__Your goal__
Where a line of the entries holds the string "black", copy that line.

__Dataset__
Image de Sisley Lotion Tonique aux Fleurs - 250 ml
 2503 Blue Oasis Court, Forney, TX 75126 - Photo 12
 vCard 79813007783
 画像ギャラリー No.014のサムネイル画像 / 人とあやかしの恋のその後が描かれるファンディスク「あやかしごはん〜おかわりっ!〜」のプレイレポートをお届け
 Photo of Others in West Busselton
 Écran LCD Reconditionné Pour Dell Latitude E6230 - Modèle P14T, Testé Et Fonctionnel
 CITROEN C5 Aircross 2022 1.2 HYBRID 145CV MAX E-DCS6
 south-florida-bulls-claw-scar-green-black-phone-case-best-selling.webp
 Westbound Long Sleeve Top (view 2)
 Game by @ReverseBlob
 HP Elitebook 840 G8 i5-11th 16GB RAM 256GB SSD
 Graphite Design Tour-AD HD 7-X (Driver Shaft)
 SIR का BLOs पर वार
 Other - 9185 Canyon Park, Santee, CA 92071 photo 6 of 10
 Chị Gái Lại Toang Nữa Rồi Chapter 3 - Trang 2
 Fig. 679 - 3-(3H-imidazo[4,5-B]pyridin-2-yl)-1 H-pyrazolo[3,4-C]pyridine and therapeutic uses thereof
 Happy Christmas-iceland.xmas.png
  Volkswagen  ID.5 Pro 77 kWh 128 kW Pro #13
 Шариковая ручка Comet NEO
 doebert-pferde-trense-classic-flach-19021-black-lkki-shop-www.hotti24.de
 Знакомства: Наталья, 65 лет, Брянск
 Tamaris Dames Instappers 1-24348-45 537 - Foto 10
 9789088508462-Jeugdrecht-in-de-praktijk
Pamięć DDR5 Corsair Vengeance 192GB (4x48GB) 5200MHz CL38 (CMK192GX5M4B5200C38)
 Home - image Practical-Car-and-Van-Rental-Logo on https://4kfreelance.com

__Result of this task__
 south-florida-bulls-claw-scar-green-black-phone-case-best-selling.webp
 doebert-pferde-trense-classic-flach-19021-black-lkki-shop-www.hotti24.de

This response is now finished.